-- DATA follows --

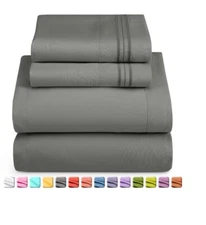 Nestl Queen Bed Sheets Set, Luxury Soft Microfiber, Gray
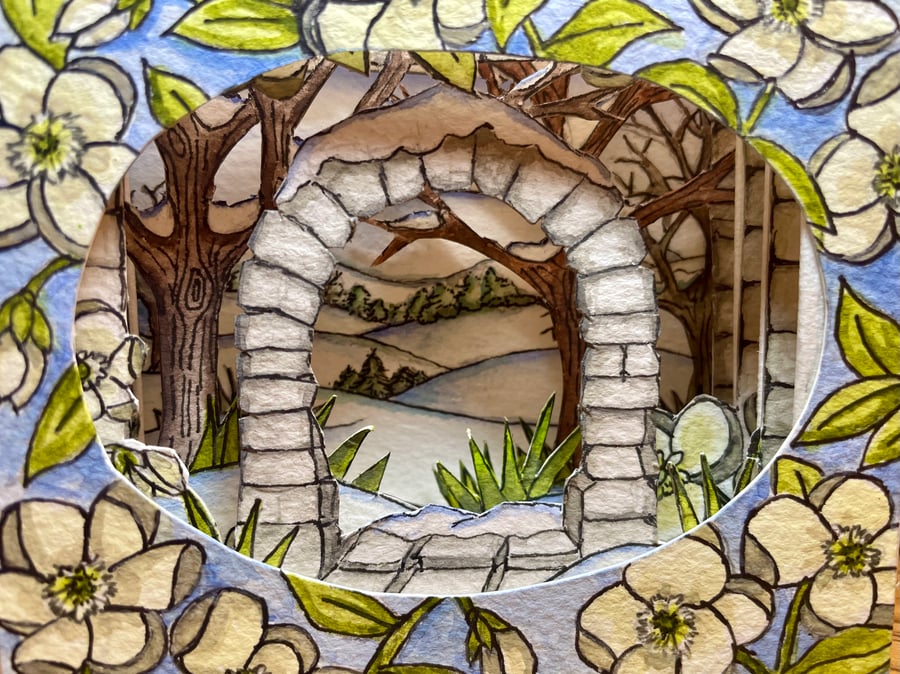 Hand painted 3D greetings card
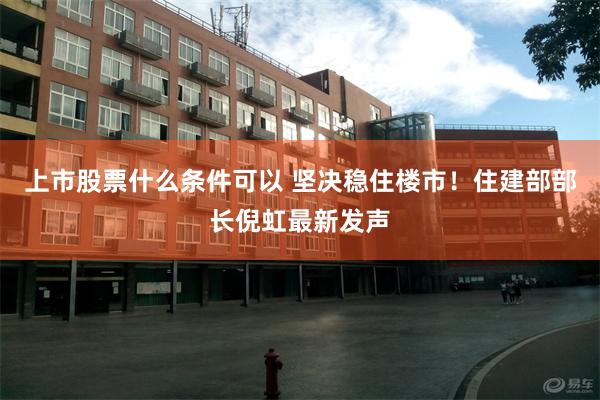 上市股票什么条件可以 坚决稳住楼市！住建部部长倪虹最新发声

-- DATA concluded --

**TASK DIRECTIONS**
Leave out the pictures and print every line of the data exactly.

**ANSWER TO THE PROBLEM**
 Nestl Queen Bed Sheets Set, Luxury Soft Microfiber, Gray
 Hand painted 3D greetings card
 上市股票什么条件可以 坚决稳住楼市！住建部部长倪虹最新发声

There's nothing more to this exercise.